Li, X, Li, T, Cheng, Y, Lu, Y, Xue, M, Xu, L, Liu, X, Yu, X, Sun, B, Chen, L
Diabetes/metabolism research and reviews. 2019;(7):e3170
Abstract
BACKGROUND The aim of the study is to update and determine the effects of sodium glucose cotransporter 2 (SGLT2) inhibitor therapy on fracture and bone mineral density (BMD) in patients with type 2 diabetes mellitus (T2DM). METHODS We identified 27 eligible randomized controlled trials (RCTs) that compared the efficacy and safety of SGLT2 inhibitors to a placebo in 20 895 T2DM participants, with an average duration of 64.22 weeks. The relative risk (RR) of bone fracture and weighted mean difference (WMD) of changes in the BMD from baseline were determined to evaluate the risk of fracture.
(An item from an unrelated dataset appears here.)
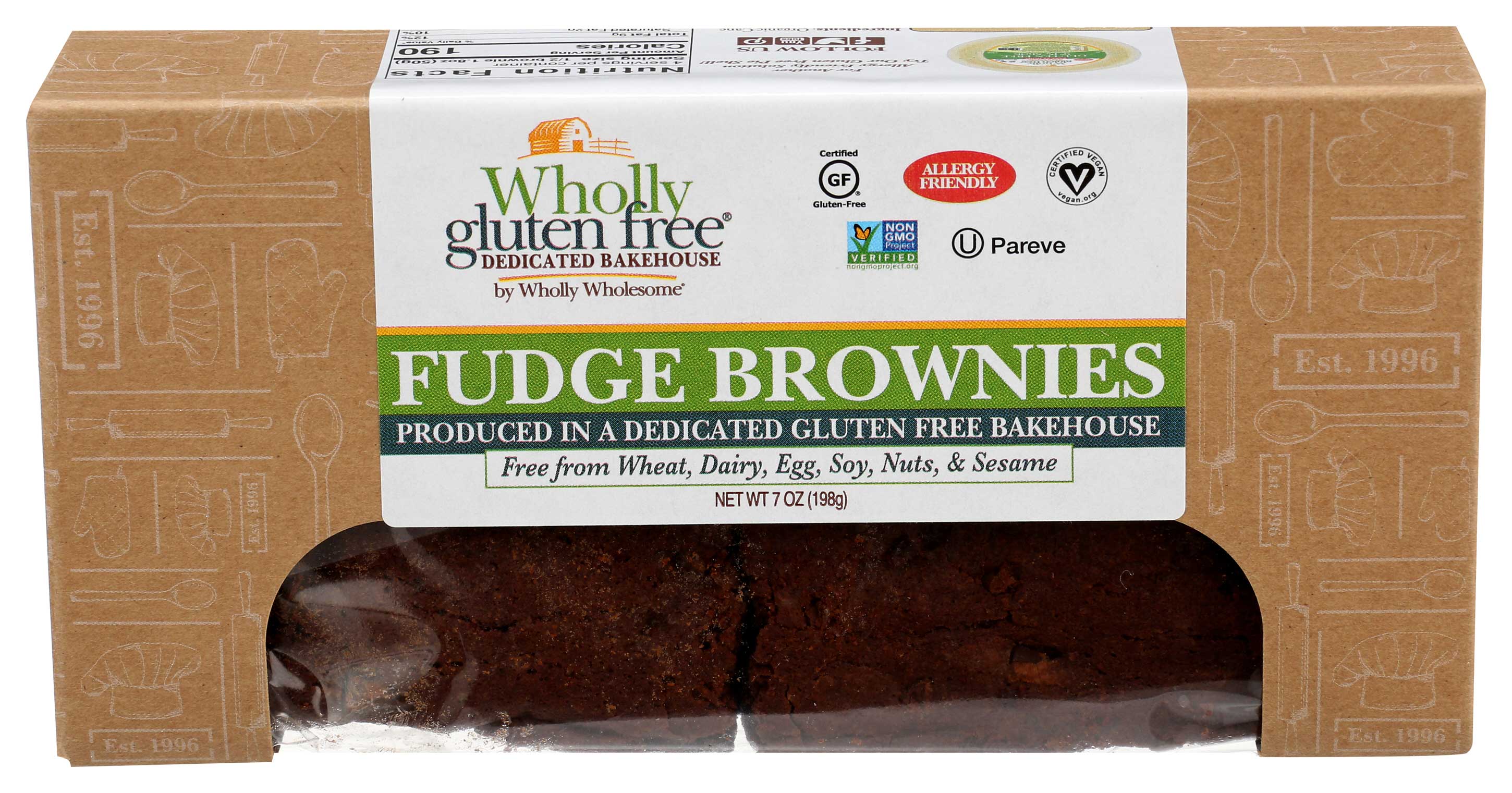 Wholly Gluten Free Fudge Brownies, 7 Ounce -- 12 Per Case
The degree of heterogeneity was evaluated by the I2 statistic, and publication bias was estimated using a funnel plot and Egger test. RESULTS The pooled RR was 1.02 (95% CI [0.81, 1.28]) with low heterogeneity, indicating that SGLT2 inhibitor treatment was not correlated with a higher risk of fracture. Additionally, no increased risk was found for patients with different ages, sexes, and levels of HbA1c and some biochemical indicators. Three trials with 1303 patients reported a change in the BMD from baseline. SGLT2 inhibitor treatment did not decrease the BMD at four skeletal sites (lumbar spine, femoral neck, total hip, and distal forearm), and the overall WMD was 0.08 (95% CI [-0.09, 0.26]). No significant publication bias was detected. CONCLUSIONS No increased risk for bone fracture was detected in patients with T2DM treated with SGLT2 inhibitors in this meta-analysis. SGLT2 inhibitor therapy did not appear to affect bone health, but more long-term detailed data are needed to validate this conclusion.